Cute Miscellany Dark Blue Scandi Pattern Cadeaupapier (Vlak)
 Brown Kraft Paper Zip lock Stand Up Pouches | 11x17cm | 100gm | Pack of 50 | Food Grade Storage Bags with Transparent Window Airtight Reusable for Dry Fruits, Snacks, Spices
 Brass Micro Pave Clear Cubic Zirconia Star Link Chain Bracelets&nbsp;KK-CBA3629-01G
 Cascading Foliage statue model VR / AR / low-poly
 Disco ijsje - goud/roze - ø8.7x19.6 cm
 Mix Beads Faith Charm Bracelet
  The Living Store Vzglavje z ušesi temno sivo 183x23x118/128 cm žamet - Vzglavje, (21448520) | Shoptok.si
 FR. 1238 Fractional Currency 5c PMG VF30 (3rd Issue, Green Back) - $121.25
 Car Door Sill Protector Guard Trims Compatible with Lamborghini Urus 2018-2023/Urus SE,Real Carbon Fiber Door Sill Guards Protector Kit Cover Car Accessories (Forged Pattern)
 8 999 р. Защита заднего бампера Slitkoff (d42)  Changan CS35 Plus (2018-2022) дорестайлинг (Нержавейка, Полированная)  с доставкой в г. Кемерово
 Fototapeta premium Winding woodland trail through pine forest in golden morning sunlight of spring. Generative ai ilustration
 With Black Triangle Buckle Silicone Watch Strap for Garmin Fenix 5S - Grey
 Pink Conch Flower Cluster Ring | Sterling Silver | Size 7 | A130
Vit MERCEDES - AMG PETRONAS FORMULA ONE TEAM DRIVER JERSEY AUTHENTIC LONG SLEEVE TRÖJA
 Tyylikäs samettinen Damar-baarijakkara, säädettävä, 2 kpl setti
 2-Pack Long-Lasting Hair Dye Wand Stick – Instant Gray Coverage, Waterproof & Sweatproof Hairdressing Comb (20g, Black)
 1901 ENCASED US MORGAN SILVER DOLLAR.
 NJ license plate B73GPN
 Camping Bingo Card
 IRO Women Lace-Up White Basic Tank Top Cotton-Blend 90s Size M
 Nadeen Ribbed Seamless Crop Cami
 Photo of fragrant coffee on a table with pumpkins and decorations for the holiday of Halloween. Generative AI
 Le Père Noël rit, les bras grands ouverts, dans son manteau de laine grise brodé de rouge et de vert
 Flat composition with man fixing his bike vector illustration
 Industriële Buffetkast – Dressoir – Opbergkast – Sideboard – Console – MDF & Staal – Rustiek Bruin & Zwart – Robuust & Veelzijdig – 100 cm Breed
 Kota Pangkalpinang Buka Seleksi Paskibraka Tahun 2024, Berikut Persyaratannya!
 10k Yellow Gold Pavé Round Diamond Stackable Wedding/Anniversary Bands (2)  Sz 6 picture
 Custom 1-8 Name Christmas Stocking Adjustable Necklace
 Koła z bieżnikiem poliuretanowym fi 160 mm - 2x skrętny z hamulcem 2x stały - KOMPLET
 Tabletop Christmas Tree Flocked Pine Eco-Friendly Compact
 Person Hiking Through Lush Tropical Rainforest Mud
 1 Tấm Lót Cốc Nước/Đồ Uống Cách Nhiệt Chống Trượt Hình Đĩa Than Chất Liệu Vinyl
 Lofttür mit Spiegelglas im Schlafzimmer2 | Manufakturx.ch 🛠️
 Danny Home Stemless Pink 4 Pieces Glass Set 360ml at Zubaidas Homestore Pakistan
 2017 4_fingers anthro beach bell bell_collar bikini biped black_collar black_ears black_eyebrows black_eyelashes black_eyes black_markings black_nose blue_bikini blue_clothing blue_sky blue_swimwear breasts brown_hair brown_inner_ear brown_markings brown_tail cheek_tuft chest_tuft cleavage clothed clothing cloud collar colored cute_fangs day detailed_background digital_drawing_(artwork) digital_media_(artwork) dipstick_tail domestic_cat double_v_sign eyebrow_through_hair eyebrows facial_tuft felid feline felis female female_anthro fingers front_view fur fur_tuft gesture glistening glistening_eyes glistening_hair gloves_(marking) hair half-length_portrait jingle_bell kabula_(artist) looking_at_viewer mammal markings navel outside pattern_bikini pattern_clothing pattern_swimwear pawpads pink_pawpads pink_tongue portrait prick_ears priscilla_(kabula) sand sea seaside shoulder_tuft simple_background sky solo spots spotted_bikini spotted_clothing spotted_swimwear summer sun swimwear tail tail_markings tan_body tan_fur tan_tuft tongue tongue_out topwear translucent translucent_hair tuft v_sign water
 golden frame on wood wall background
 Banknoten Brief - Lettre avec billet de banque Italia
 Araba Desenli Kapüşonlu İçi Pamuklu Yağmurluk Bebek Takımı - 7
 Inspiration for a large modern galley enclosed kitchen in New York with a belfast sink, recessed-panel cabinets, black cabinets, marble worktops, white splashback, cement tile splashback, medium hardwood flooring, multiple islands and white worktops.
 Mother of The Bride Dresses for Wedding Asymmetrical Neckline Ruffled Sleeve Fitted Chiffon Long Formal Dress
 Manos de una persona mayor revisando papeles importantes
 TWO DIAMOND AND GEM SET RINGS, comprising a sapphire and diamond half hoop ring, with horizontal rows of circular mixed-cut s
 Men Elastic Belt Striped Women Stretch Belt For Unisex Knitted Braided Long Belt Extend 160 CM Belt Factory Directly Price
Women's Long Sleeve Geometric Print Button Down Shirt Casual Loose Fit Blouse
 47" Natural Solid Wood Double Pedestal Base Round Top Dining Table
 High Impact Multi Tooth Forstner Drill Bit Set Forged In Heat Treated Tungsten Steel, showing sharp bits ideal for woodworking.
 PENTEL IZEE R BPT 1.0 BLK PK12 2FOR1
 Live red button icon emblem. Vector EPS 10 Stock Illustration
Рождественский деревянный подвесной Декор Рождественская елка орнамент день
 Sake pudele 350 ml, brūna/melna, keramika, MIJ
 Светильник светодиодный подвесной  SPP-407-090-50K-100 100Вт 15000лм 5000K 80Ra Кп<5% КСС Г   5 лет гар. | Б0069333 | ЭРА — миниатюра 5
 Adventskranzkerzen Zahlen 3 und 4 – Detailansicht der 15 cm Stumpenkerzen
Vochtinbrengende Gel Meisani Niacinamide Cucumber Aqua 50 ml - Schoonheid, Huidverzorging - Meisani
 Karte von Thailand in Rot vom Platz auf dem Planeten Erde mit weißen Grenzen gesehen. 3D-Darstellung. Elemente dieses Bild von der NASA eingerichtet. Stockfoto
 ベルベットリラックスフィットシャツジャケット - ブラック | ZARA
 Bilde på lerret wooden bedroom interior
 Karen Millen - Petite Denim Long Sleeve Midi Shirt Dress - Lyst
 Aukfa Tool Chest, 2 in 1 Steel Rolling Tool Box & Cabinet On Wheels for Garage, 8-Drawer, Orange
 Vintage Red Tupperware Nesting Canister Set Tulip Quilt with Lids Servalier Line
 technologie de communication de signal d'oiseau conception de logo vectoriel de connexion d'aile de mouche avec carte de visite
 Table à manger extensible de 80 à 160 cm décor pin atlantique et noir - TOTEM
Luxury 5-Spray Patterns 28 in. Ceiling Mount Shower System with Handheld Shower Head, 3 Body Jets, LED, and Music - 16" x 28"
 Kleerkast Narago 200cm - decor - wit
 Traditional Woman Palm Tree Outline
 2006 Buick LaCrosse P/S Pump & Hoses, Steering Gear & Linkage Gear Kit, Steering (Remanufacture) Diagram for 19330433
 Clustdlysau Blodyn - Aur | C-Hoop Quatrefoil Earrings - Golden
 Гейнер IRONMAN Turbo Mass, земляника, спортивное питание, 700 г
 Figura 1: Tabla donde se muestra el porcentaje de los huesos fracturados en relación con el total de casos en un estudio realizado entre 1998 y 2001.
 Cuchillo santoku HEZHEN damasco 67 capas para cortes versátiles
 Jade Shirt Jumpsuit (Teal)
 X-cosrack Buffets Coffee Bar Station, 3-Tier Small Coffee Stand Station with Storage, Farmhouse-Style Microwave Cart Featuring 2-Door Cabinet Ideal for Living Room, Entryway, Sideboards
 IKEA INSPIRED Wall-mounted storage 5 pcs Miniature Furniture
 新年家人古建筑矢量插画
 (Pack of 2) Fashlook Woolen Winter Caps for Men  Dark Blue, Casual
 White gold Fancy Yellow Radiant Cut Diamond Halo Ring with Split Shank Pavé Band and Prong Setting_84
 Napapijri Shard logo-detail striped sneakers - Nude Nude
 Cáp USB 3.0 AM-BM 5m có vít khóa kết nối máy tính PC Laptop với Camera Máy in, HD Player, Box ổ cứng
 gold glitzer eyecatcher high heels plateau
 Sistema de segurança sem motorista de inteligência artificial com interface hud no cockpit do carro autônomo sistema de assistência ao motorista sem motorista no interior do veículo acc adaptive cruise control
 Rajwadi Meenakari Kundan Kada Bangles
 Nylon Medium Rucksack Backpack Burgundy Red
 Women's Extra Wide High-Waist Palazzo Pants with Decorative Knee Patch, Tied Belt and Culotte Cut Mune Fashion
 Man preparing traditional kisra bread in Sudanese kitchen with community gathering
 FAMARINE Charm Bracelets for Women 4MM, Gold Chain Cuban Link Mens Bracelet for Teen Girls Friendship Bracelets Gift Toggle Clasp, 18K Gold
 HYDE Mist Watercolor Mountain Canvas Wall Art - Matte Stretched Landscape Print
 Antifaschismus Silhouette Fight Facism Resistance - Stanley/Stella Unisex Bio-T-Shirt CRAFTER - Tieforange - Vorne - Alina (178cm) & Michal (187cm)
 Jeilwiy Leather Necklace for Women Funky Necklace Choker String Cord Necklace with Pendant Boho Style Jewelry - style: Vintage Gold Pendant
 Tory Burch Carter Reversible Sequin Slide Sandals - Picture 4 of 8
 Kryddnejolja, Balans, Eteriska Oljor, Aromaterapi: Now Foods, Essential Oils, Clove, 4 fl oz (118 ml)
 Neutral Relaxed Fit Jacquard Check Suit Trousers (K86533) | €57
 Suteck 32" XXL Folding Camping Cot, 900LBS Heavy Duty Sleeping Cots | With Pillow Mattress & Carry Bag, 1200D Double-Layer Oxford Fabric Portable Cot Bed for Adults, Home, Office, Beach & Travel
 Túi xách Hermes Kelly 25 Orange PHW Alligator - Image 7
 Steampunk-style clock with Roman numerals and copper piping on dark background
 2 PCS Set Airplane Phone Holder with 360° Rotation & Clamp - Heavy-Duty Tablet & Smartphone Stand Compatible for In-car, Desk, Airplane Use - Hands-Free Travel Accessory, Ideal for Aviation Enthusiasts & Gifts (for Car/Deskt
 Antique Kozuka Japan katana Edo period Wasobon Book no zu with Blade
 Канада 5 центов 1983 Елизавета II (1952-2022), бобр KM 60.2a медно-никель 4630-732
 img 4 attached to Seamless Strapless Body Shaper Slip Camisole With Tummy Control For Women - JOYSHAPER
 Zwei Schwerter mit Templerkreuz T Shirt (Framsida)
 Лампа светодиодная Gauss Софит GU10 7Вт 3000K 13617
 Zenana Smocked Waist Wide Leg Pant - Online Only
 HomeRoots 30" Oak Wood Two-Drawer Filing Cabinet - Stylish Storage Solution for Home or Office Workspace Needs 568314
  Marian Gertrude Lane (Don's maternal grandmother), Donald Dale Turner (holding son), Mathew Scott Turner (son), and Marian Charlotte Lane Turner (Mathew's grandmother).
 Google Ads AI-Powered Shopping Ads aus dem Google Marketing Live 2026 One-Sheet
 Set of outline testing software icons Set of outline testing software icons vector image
※ ※ ※
▶ **Work order**
A word-for-word copy of the lines above from the one with "Manos de una" through the one with "Vintage Red Tupperware", inclusive, is the only output wanted.

▶ **Task answer**
 Manos de una persona mayor revisando papeles importantes
 TWO DIAMOND AND GEM SET RINGS, comprising a sapphire and diamond half hoop ring, with horizontal rows of circular mixed-cut s
 Men Elastic Belt Striped Women Stretch Belt For Unisex Knitted Braided Long Belt Extend 160 CM Belt Factory Directly Price
Women's Long Sleeve Geometric Print Button Down Shirt Casual Loose Fit Blouse
 47" Natural Solid Wood Double Pedestal Base Round Top Dining Table
 High Impact Multi Tooth Forstner Drill Bit Set Forged In Heat Treated Tungsten Steel, showing sharp bits ideal for woodworking.
 PENTEL IZEE R BPT 1.0 BLK PK12 2FOR1
 Live red button icon emblem. Vector EPS 10 Stock Illustration
Рождественский деревянный подвесной Декор Рождественская елка орнамент день
 Sake pudele 350 ml, brūna/melna, keramika, MIJ
 Светильник светодиодный подвесной  SPP-407-090-50K-100 100Вт 15000лм 5000K 80Ra Кп<5% КСС Г   5 лет гар. | Б0069333 | ЭРА — миниатюра 5
 Adventskranzkerzen Zahlen 3 und 4 – Detailansicht der 15 cm Stumpenkerzen
Vochtinbrengende Gel Meisani Niacinamide Cucumber Aqua 50 ml - Schoonheid, Huidverzorging - Meisani
 Karte von Thailand in Rot vom Platz auf dem Planeten Erde mit weißen Grenzen gesehen. 3D-Darstellung. Elemente dieses Bild von der NASA eingerichtet. Stockfoto
 ベルベットリラックスフィットシャツジャケット - ブラック | ZARA
 Bilde på lerret wooden bedroom interior
 Karen Millen - Petite Denim Long Sleeve Midi Shirt Dress - Lyst
 Aukfa Tool Chest, 2 in 1 Steel Rolling Tool Box & Cabinet On Wheels for Garage, 8-Drawer, Orange
 Vintage Red Tupperware Nesting Canister Set Tulip Quilt with Lids Servalier Line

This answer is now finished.